From my experience, focusing on quick wins through a deep examination of historic customer buying behavior is the most powerful dealmaking catalyst.
Indeed, insights from such analysis help buyers articulate at a granular level where the short-term synergies will come from and set aside funds to invest behind them.
Transformative revenue synergies, such as new customer value propositions, combined product offerings, and updated go-to-market approaches, can be more complex and take longer to realize.
That's why the importance of quick wins compensates for the fact that, as a sub-scale business, you won't directly impact the growth rate or the EBITDA.
Are you trying to pass me the buck?
Answer this by being a capital-efficient company
Through customer and product diligence, buyers define short, mid, and long-term synergies and invest behind them.
However, they won't risk their investment's value going to zero if they have to inject cash to pay wages or suppliers post-closing.
It's the case of many Series A VC-backed company that has scaled prematurely. Imagine Pre-Series A, your company has grown and scaled well with little invested capital.
You pitch a big growth story and raise a $10m Series A at a $50m pre-money valuation. Then you hire and spend like never before to meet growth and revenue targets, overbuilding the team and ramping up marketing spending.
You need to manage to raise additional funds to avoid being left with fixed costs that revenues can't cover.

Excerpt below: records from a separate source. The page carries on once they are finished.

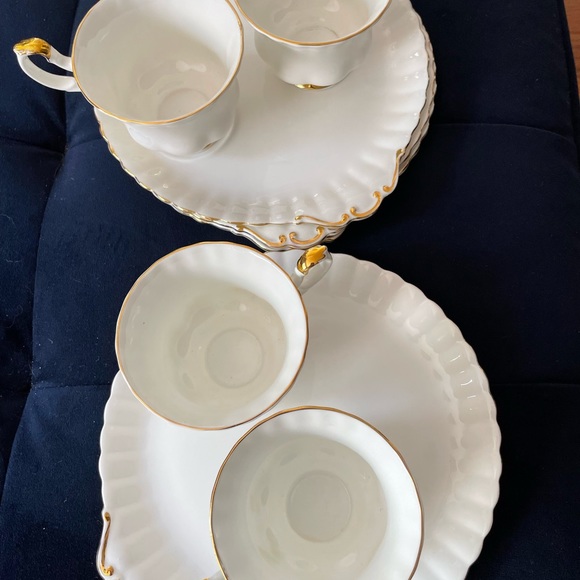 Royal Albert Val D’ teacups on bottom plate sets / snack sets/ Hostess Set - Picture 2 of 3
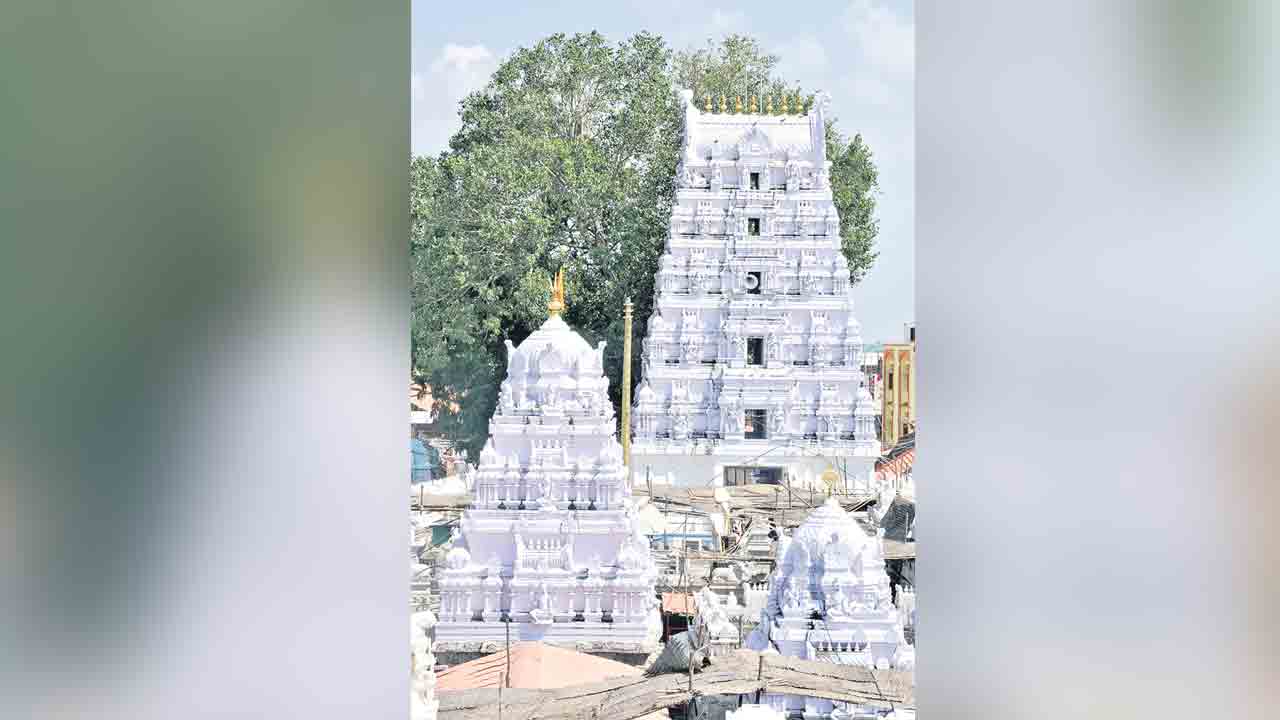 అయినవారికి అందలం.. కానివారికి శఠగోపం!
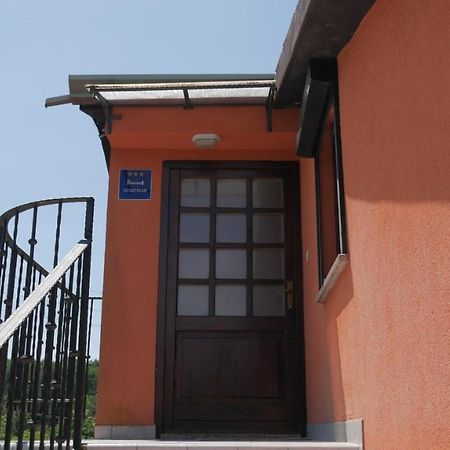 Apartment Kornarija Buje Buitenkant foto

In other words, you have a business alive only on external cash perfusion.
You will only win their head if you consider converting your cash-burning company into a capital-efficient one.
Am I overpaying?
Make the difference between implied value and enterprise value.
If you have raised $10m at a $50m valuation, I won't be surprised if you believe your company is worth $60m.
However, the $60m is an implied valuation.
Selling 20% of your shares for $50m only means that 20% of the company is worth 50m. We don't know the value of 100% of your shares, the enterprise value, post-Series A.
Raising $10m at a $50m valuation means that you will use the $10m to try building a company with an enterprise value of $60m in various market scenarios.
Enterprise value is calculated with the Discount Cash Flow methodology or DCF's proxies like ARR multiple.
If your investors gave you a 30x ARR valuation multiple, it doesn't mean that buyers will also give you that same multiple.
Their equity story (deal rationale) is different from your VC.
In summary, if you are a Series A VC-backed company looking for alternatives beyond Series B:
Look for VC-backed scale-up using M&A as a growth engine or strategic buyers performing programmatic M&AApproach them using the feature/benefit/value framework to establish trust and win their heartPrepare all the reassurance elements in advance to win their head
I'm done! I hope you will land a deal!